Stored records:
▽

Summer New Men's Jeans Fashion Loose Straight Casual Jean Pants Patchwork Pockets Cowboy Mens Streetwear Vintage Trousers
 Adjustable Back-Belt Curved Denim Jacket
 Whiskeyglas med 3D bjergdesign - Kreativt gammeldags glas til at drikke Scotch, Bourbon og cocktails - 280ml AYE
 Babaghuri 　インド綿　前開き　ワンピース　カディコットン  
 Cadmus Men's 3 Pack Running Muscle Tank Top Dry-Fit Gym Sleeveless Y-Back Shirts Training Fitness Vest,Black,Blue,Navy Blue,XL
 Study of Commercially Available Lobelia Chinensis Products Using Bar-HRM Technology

△

**Your assignment**
Begin with the first line of the records and finish with the line containing "Whiskeyglas med 3D". Reproduce those lines exactly, both ends included, and nothing else.

**Solution for this problem**
Summer New Men's Jeans Fashion Loose Straight Casual Jean Pants Patchwork Pockets Cowboy Mens Streetwear Vintage Trousers
 Adjustable Back-Belt Curved Denim Jacket
 Whiskeyglas med 3D bjergdesign - Kreativt gammeldags glas til at drikke Scotch, Bourbon og cocktails - 280ml AYE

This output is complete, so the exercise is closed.